Without the pictures, write the listing out again exactly as it appears.

[[ Data below, beginning ]]

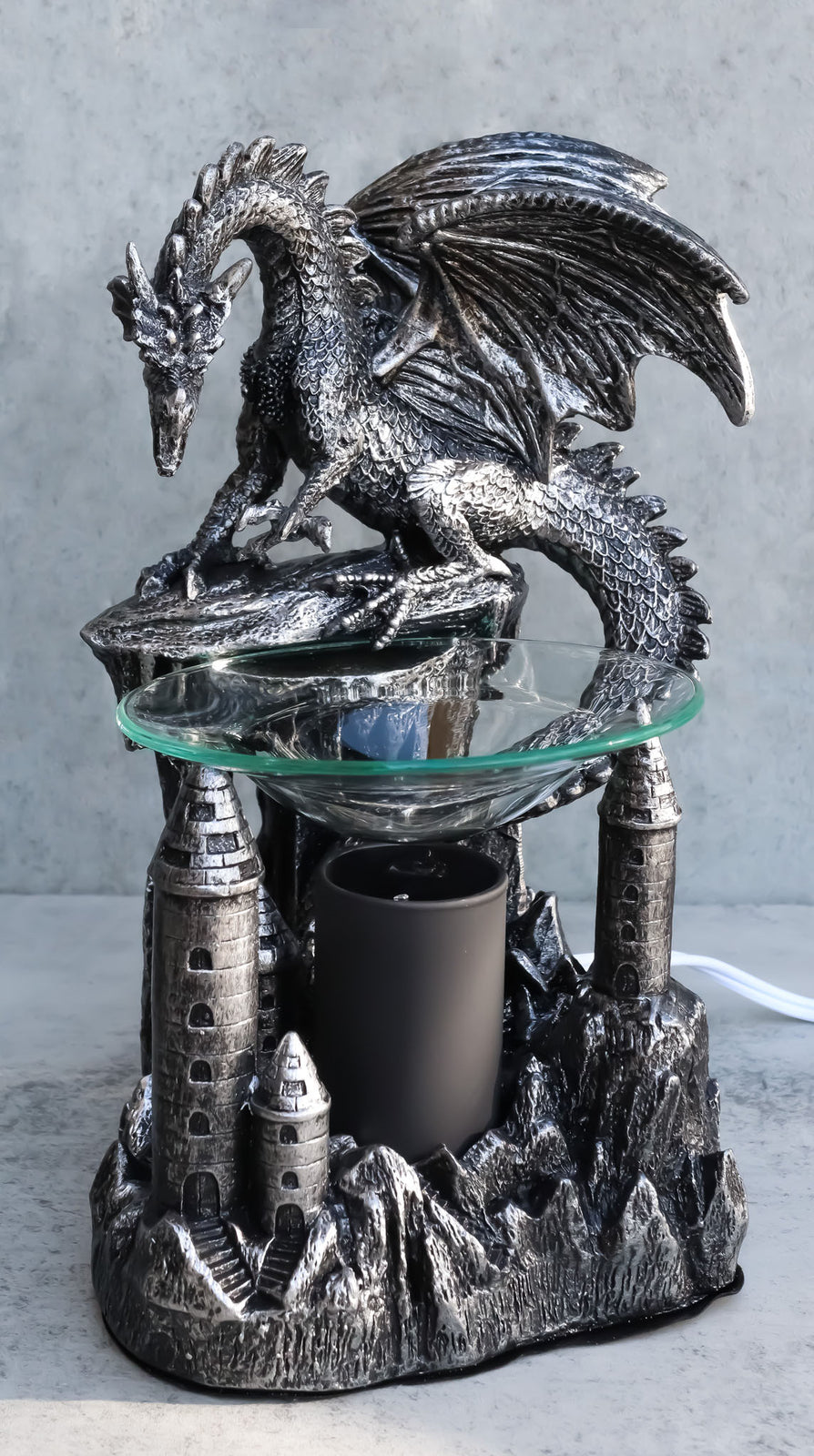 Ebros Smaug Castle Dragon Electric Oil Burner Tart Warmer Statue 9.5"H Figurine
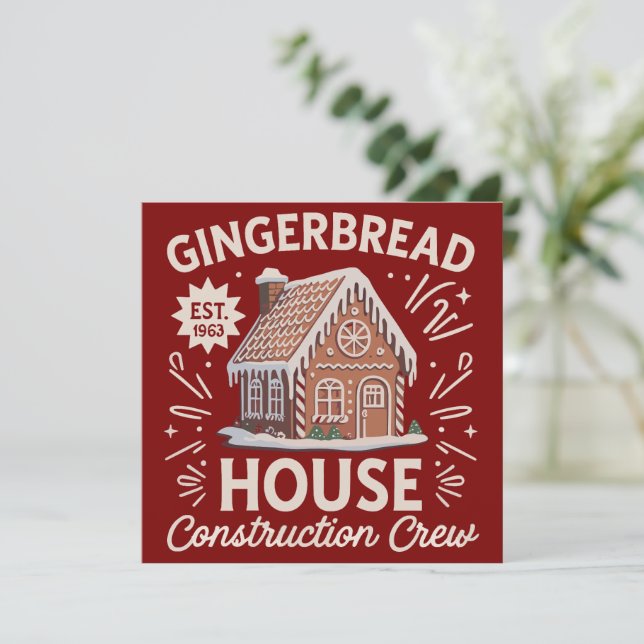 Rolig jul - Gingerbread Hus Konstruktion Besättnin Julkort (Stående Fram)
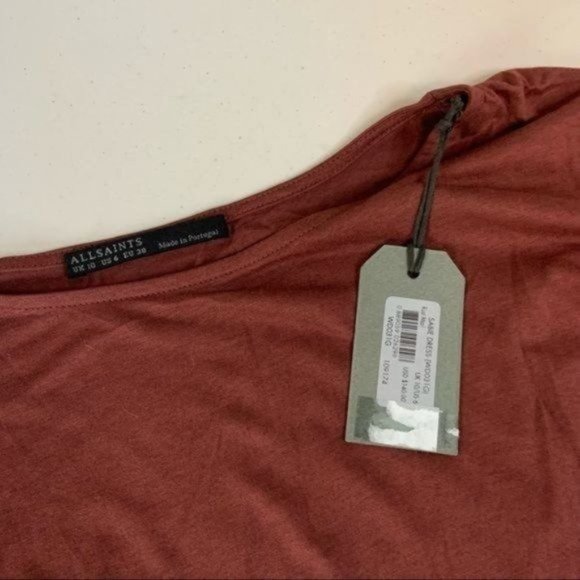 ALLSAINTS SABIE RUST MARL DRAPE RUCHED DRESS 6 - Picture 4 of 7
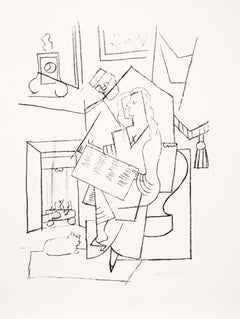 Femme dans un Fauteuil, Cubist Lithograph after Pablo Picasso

[[ Data below, end ]]

Task answer
 Ebros Smaug Castle Dragon Electric Oil Burner Tart Warmer Statue 9.5"H Figurine
 Rolig jul - Gingerbread Hus Konstruktion Besättnin Julkort (Stående Fram)
 ALLSAINTS SABIE RUST MARL DRAPE RUCHED DRESS 6 - Picture 4 of 7
 Femme dans un Fauteuil, Cubist Lithograph after Pablo Picasso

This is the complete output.